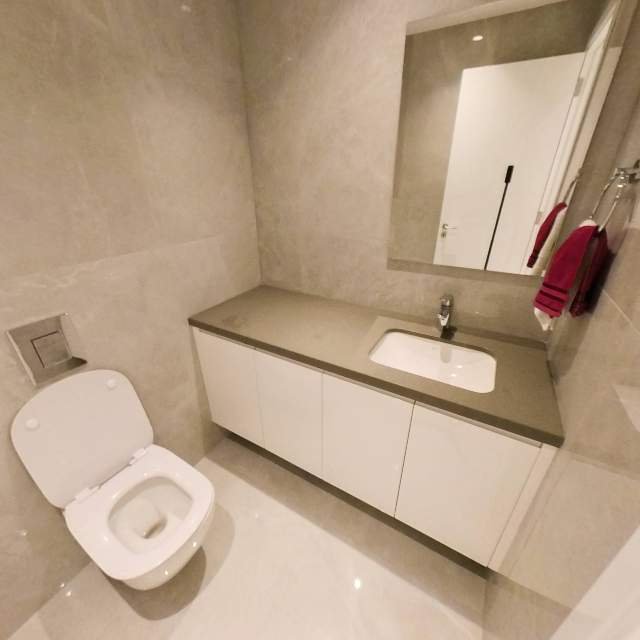 Elegant View Luxus-Wohnung mit Sea-View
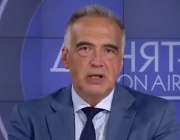 Антон Кутев: Йотова няма да бъде "прокси" президент, Кирил Вълчев е добър избор за вице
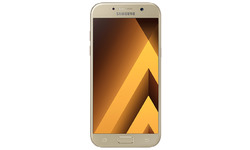 Samsung Galaxy A5 2017 Gold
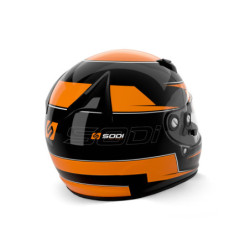 Casque Arai SK6 - Le meilleur casque de karting actuel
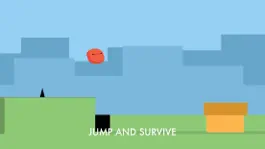 Game screenshot Super Boo Hop, Jump & Strike Adventure Fun Arcade Game hack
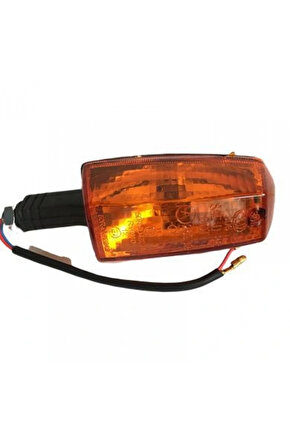 Ybr Em Sinyal Lambası Komple 2004-2008 Kısa Saplı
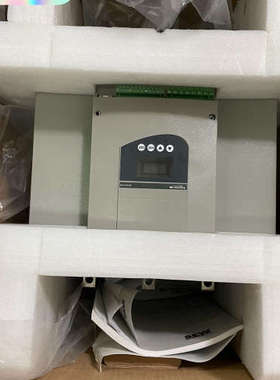 议价-全新！Schneider施耐德 ATS48C32Q软起动器/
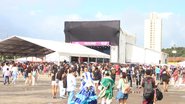 Festival da cultura japonesa em Salvador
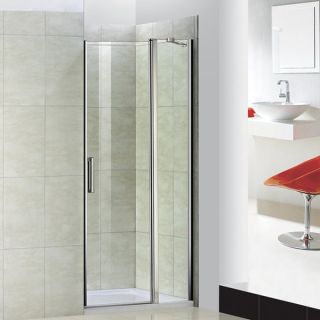 Душ.ограж. Good Door Пандора WTW110 стекло прозрачное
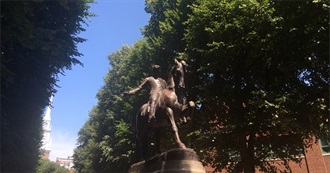 50 Amazing Art and Culture Experiences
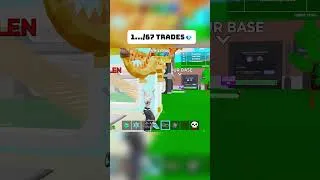Miniature : W OR L Trade Steal The Brainrot Fortnite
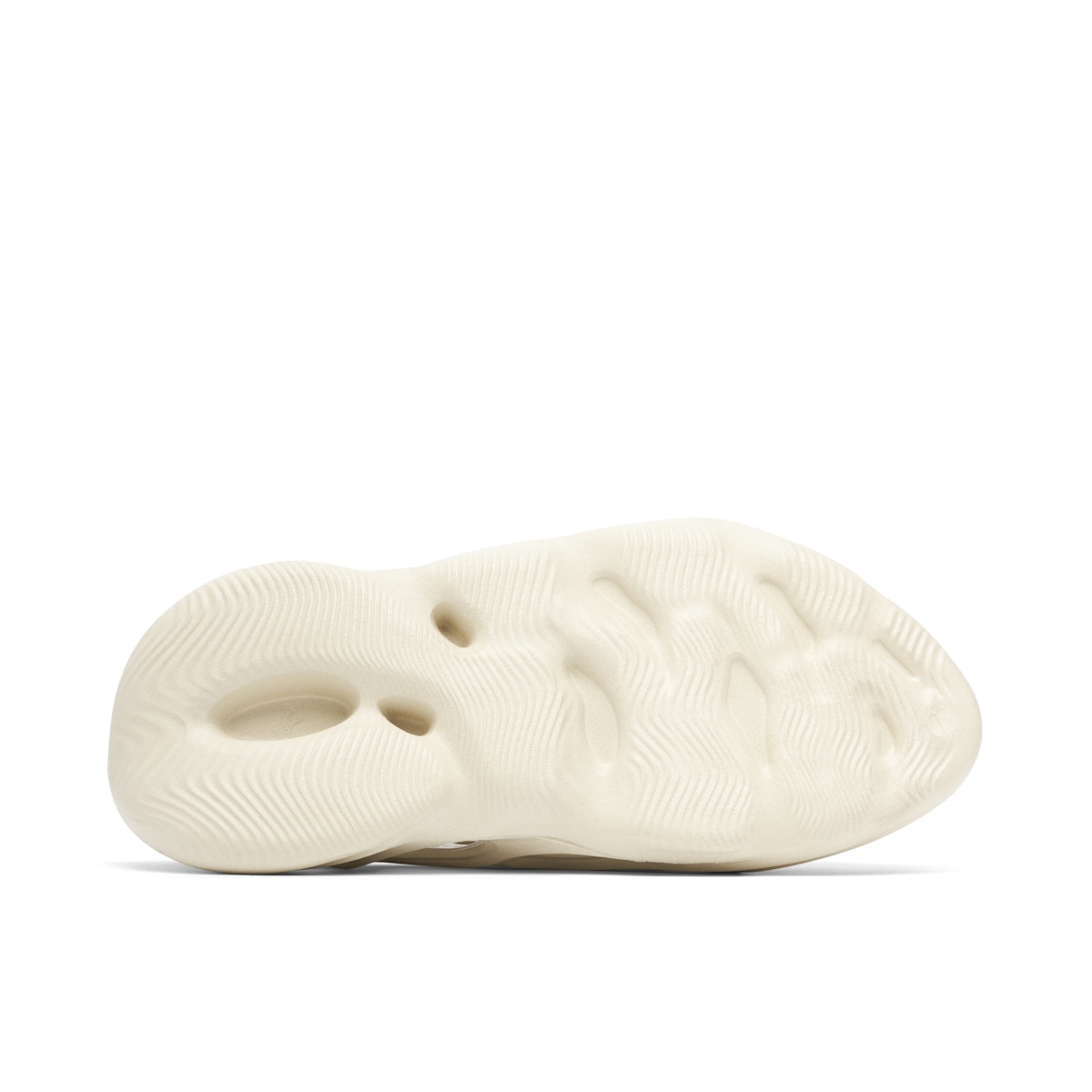 Yeezy Foam Runner 'Sand' Sneakers image 3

☆ ☆ ☆

**TASK DIRECTIONS**
Reproduce verbatim every line starting at the line that holds "Casque Arai SK6" and ending with the final line of the data; omit the pictures.

**EXERCISE RESPONSE**
 Casque Arai SK6 - Le meilleur casque de karting actuel
 Game screenshot Super Boo Hop, Jump & Strike Adventure Fun Arcade Game hack
 Ybr Em Sinyal Lambası Komple 2004-2008 Kısa Saplı
 议价-全新！Schneider施耐德 ATS48C32Q软起动器/
 Festival da cultura japonesa em Salvador
 Душ.ограж. Good Door Пандора WTW110 стекло прозрачное
 50 Amazing Art and Culture Experiences
Miniature : W OR L Trade Steal The Brainrot Fortnite
 Yeezy Foam Runner 'Sand' Sneakers image 3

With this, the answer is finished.